THE refuge provided to Serbian seminarians during the First World War, and the subsequent impact that these men had on the Church and the world, were recalled at Pusey House this month.
The placement of the Serbian theological refugees, accompanied by some of their professors, took place with the enthusiastic support of the then Archbishop of Canterbury, Randall Davidson. Some stayed in Oxford after the war. In total, 55 men studied at Cuddesdon, Dorchester, and St Stephen’s House, at a time when, contemporary Church Times reports note, the Serbian Church was “in abeyance. . . Their seminaries are closed, their students dispersed, many of their leaders are interned.” The refugees arrived, a report noted, “in sheepskins and goatskins, like the victims of Antiochus”. While not all were canonised, several became bishops, religious philosophers and theologians, and state officials in the Kingdom of Yugoslavia.

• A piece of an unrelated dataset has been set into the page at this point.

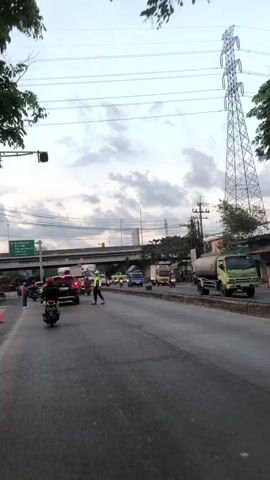 A traffic officer is directing traffic on a road. The officer is wearing a bright yellow vest and dark pants. The officer is standing in the middle of the road, with their arms extended. There are several vehicles on the road, including cars, motorcycles, and a truck. A pedestrian is crossing the road. The sky is cloudy. A large electrical tower is visible in the background. There is an overpass in the background.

The symposium at Pusey House, which was addressed by Serbian theologians, was more than a reflection on events a hundred years ago, Canon Mark Chapman, Vice-Principal of Cuddesdon and Professor of the History of Modern Theology at Oxford University, said this week. “We discussed how the Churches might collaborate on educational projects into the future.”
The talks, which were heard by about 40 participants, including many Serbs, testified to the accuracy of a contemporary prediction that those who came to England would prove to be the “future leaders of the Serbian Church”.

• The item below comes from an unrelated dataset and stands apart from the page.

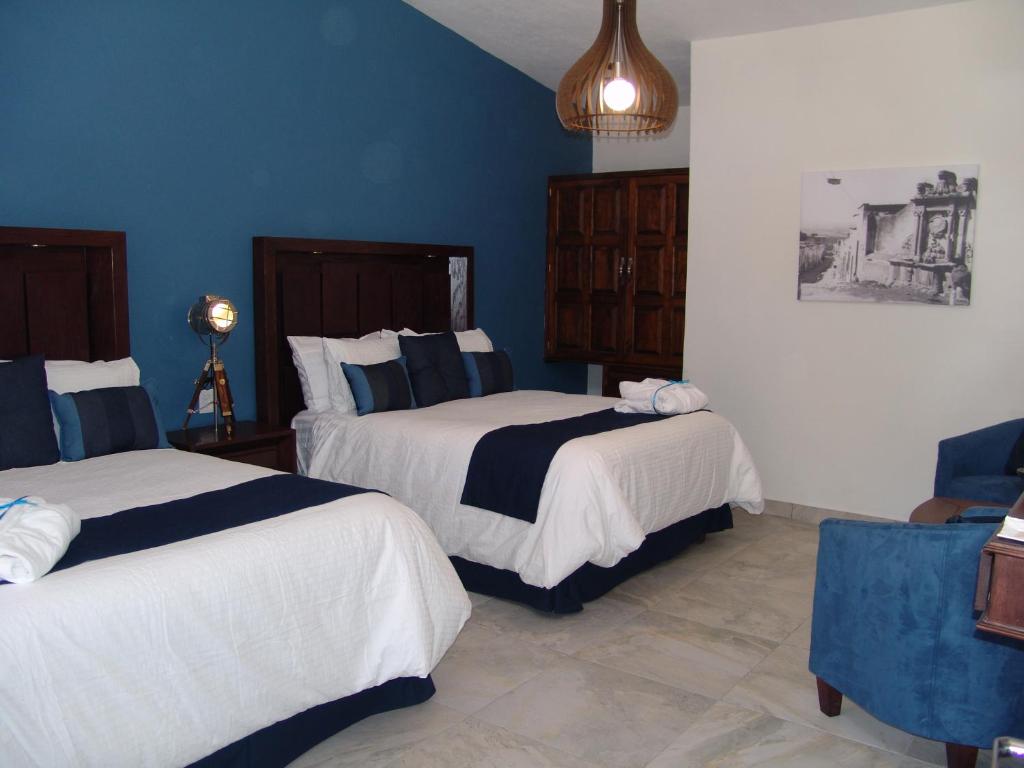 Postel nebo postele na pokoji v ubytování Hotel Casa Don Quijote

Professor Bogdan Lubardic and Professor Andrej Jeftic, both of the University of Belgrade, spoke about Fr Justin Popovic, an Orthodox theologian canonised in 2010. Professor Angela Berlis, of the University of Bern, and Professor Aleksandar Djakovac, of the University of Belgrade, spoke about Nikolaj Velimirovic, a charismatic church leader and theologian who preached in England during the First World War He became Bishop of Ohrid and Žica, and was canonised in 2003. Both men “gained pan-Orthodox acclamation as theologians, spiritual fathers, and as outspoken critics of the Communist regime”.

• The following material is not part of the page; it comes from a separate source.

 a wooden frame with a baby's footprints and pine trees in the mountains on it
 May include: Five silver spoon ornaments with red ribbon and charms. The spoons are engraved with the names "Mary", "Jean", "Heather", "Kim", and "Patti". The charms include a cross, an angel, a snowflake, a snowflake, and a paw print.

A contemporary Bishop, the Rt Revd Isihije Rogic, spoke of the “ecclesial and ecumenical implications” of the presence of Serbian clergy in England during the war.
The atmosphere at the symposium was “extremely warm and engaged”, Professor Chapman said. “I think there is genuine desire [in Serbia] to build up ecumenical relations, particularly with England, because of this history. . . We are hoping that there might be links between seminarians.”
His contribution explored the relationship between the C of E, Serbia, and the Serbian Orthodox Church, a topic he explored in Theology at War and Peace (Routledge, 2016), in which he describes “a concerted effort across the whole of the Church of England to raise the profile of the Serbian Church and of Serbia more generally” after a tour by Fr Velimirovic in 1916.